We also compared Gini scores between tasks. Based on scores from both sections of the experiment, participants were classified into four different behavior groups (Table 3). People with a high mean Gini score for both tasks were considered to have developed a semantic distinction. These participants differentiated the words strongly in the Generalization task and showed less pragmatic tolerance during the Rating task, with valenced words rated as appropriate only in their coordinated context (e.g., the positive word was only rated as ‘very appropriate’ in positive contexts and as ‘very inappropriate’ in negative ones). Participants who made a pragmatic distinction, in contrast, differentiated the verbs highly in the Generalization task, but proved more flexible in the Rating task (e.g., the positive word was rated as ‘very appropriate’ in positive contexts and ‘neither inappropriate nor appropriate’ in negative ones) as evidenced by a lower overall Gini score for the Rating task. Participants with low Gini scores for both tasks (for whom the two verbs were thus only weakly differentiated in use and appropriateness) were categorized as treating the terms as ‘synonymous’ (though this term is not intended to imply absolute synonymy, which would correspond to a Gini score of 0, which was rare). Finally, those with a high Gini score for the Rating task and a low one for the Generalization task were deemed inconsistent; their responses to the Rating task implied a distinction not borne out in Generalization. Scores were considered high if they were above the midpoint value for a given index and low if they fell below it.

Table 3. Participant category in Experiment 2 based on relationship between behavior in the generalization task and behavior in the rating task

3.3. Results

3.3.1. Generalization task: main patterns of differentiation

Figure 3 shows participant Gini scores for each condition. Participants who used the noun in the simple majority of verb contexts would have been excluded, though none did so. A GLM revealed an effect of condition on mean Gini score, F(3,237) = 16.17, χ2 = 0.71, p < 0.001. The results of post-hoc Tukey comparisons between the different conditions are provided in Table 4. The general pattern was that the Consistent and Nudge conditions did not differ significantly from each other but showed higher levels of differentiation than in the Neutral and Random conditions (which also did not differ from each other). This result mirrors that of Experiment 1, in which participants differentiated the verbs in all conditions but did so most strongly in the Consistent condition. In Experiment 2, the Nudge condition behaved essentially like the Consistent condition, except that (as can be seen in Figure 3) its results were somewhat more bimodally distributed.
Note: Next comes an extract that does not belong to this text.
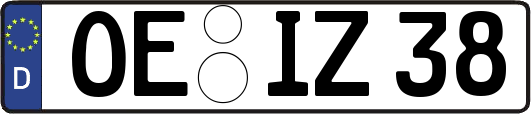 OE-IZ38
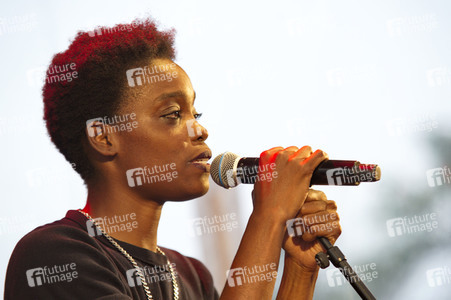 Konzert von Irma in Berlin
Figure 3. Violin plots of Experiment 2 generalization task results by condition, overlayed with bar and whisker plots. The red dots indicate mean values.

Table 4. Mean, standard deviation, and p-values for post-hoc comparisons of Gini scores in Experiment 2

3.3.2. Generalization task: further analysis

As in Experiment 1, we classified participants were classified into three categories based on a comparison of their output distribution with the input distribution (matchers, under-matchers, and over-matchers). The Neutral condition is not included as there was no clearly meaningful way to compare output with input distributions. There was also one participant (in the Random condition) who used a single word across all test contexts, who was deemed a systematizer. As in Experiment 1, participants in the Neutral condition were removed. Figure 4 displays the distribution of matchers, and under- and over-matchers with their respective mean Gini scores by condition.

Figure 4. Mean Gini scores for Experiment 2 generalization task by condition (not including Neutral condition); each dot represents a participant, colored according to their statistical learning category.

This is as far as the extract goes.